Finally, we acknowledge our obligation to continuously review these matters as part of our ongoing disclosure controls and procedures and disclose climate-change related matters in our SEC filings to the extent we determine it is material to investors or disclosure is required pursuant to applicable SEC rules and regulations. At the same time, we appreciate the interest many of our stakeholders have in climate-related information, and we expect to continue providing information about climate change and other ESG topics, which do not rise to the level of materiality required for SEC reporting, through various public disclosures, including on our website and in our CSR.

Management's Discussion and Analysis of Financial Condition and Results of Operations, page 36

2.    We note your disclosure on page 100 stating that you are taking certain steps to address climate change. Revise your disclosure to identify any past and/or future capital expenditures for climate-related projects. As part of your response, provide quantitative information for these types of expenditures for each of the periods for which financial statements are presented in your Form 10-K and for any future periods.

Company Response:
Our regulated utility operations require significant capital investment for replacement, improvement, and expansion each year.

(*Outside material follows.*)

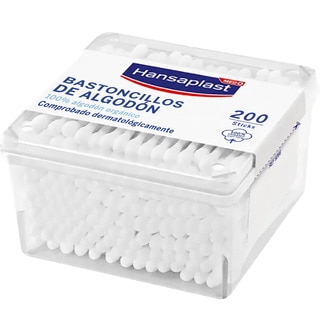 bastoncillos de algodón orgánico bote 200 unidades - Hansaplast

These investments not only support the utility service needs of our customers but also enhance safety and system reliability and support our growth in our business. In addition, the Company incurs significant capital investment to build renewable energy facilities for its operations and for the operations of others as disclosed in our 2021 Form 10-K. The Company’s planning, selection, and execution of capital investments incorporates consideration of the needs and concerns of a diverse set of stakeholders including customers, regulators and shareholders, among others. As such, the Company must consider a wide range of needs such as safety, reliability, regulatory requirements, and economic return, which makes it difficult to assign which capital investments are made for specific stakeholders, needs, or concerns such as climate change.

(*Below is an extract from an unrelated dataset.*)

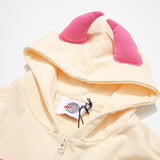 Territory Star Letter Embroidery Zip-up Hoodie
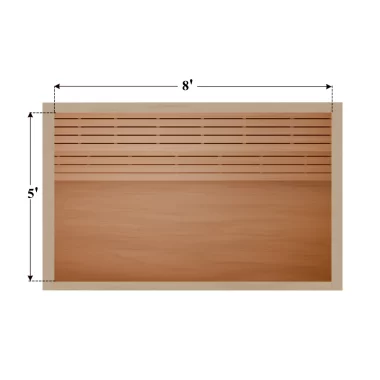 5×8 DIY Sauna Kit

The Company defines climate-related capital expenditures for the purpose of this response as capital investments to lower greenhouse gas emissions in its current operations, prevent and/or mitigate infrastructure damage from climate-related natural disasters, and replace infrastructure damaged by climate-related natural disasters. In 2019, 2020, and 2021, the Company made climate-related capital expenditures totaling $2.8 million, $5.5 million and $7.9 million, respectively. This compares to total capital expenditures of $626.6 million, $657.2 million and $476.4 million in 2019, 2020, and 2021, respectively. The Company did not consider the climate-related capital expenditures material in relation to total consolidated capital expenditures in any year or to its consolidated property, plant, and equipment balances of $4,377.0 million, $4,840.8 million and $5,100.2 million as of December 31, 2019, 2020 and 2021, respectively.

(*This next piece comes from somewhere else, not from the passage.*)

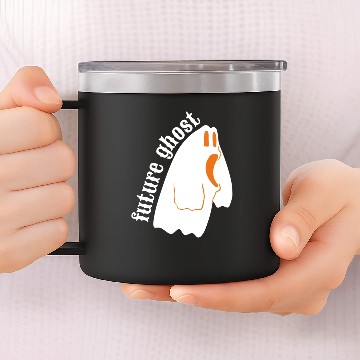 Discover Future Ghost Spooky Halloween Ghosts 14oz Stainless Steel Tumblers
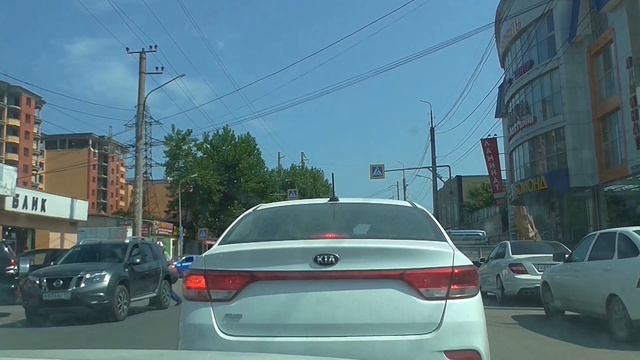 Поездка по улицам города. Махачкала. смотреть онлайн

Although not included in the totals above, as they were not made to reduce greenhouse gas emissions in its existing operations, in 2019, 2020 and 2021 the Company made the following capital expenditures and investments to expand its access to and supply of renewable energy at Minnesota Power, increase its renewable energy operations at ALLETE Clean Energy, and increase the renewable energy supply for others as previously disclosed:
Capital expenditures for its Great Northern Transmission Line of $116.7 million in 2019 and $16.6 million in 2020 which enabled additional hydroelectric power to be purchased from the Manitoba Hydro-Electric Board by Minnesota Power;
Equity investments in the Nobles 2 wind energy facility of $23.0 million in 2019, $96.4 million in 2020, and $17.6 million in 2021 enabling additional wind energy to be purchased by Minnesota Power;
Capital expenditures to build the Glen Ullin, South Peak, Diamond Spring, and Caddo wind energy facilities at ALLETE Clean Energy of $349.8 million in 2019, $488.3 million in 2020, and $259.0 million in 2021; and
Investments of $25.6 million in 2021 at ALLETE Clean Energy to build its Northern Wind, Rock Aetna, and Red Barn wind energy projects for sale to others.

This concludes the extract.